9pm at night and the Attendee decides to have a mandatory House meeting...minus the one mom who most needs to be there. House meeting I'm all in favor of. Waking my roommate up to attend a unscheduled House meeting because of the problems (that were loudly bitched about this morning) is a little rude.

Attendee: {me}"What are your goals and what do you want to accomplish tomorrow?"

{thinking} Seriously? Now you care? I want the fuck out here! I want to 'fix' me. I want counseling, education, a job and my own apt again.

Me: "I'm going to be researching transitional housing and continue looking for a job."

After she asks each one she comes back to me

Attendee: {me} "Do you have any concerns?" 
Me: "About?"
Attendee: "Anything. The house, life, God, anything at all."

{thinking} Yea, the place has no structure, no resources, no support, slack rules and we're all on our good (not best) behavior while we all knowingly re-enact a High School persona.

Me: "Not really. I wish the residents were given bus token so we each could have more access to appointments, court dates, doctor appts and do better job hunting."

Roommate agrees - {thank you}

BBF:  "The bathroom is disgusting."
Goes into a long list of what has happened


Praise

Praise - the word looks wrong to me... unfamiliar.

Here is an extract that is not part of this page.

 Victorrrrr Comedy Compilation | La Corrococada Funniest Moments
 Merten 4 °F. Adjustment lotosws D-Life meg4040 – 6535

My roommate and I decided to go to the beach today. While walking to the bus stop we were talking about American's obsession with weight and looks. Living in Southern California can be especially difficult when you’re literally surrounded by people, products and services telling you to slim down and glamour up. As we were discussing weight I told her I would be delightfully happy if and or when I get to a size 14. Quite honestly she said

"You have nothing to worry about, your already gorgeous."  
She was sincere.


I honestly didn't mean to but I scoffed. After more than 20 years of being told I'm fat, ugly, dumb and unladylike dyke like I just find it too difficult to believe I'm anything other than pleasant; pretty at best. I believe the first three insults are and will be my biggest obstacles. The ones I have never been able to fully overcome, the source of insults and ridicule used against me by my ex abusives and the barriers to genuinely changing my life.

Much like Meth is a pleasure / happiness providing demon to drug addicts, those three entities are my goblins nagging at me to never be more than what I am. A lie, I know, but these three goblins have been with me so long that the eviction is going to long and laborious.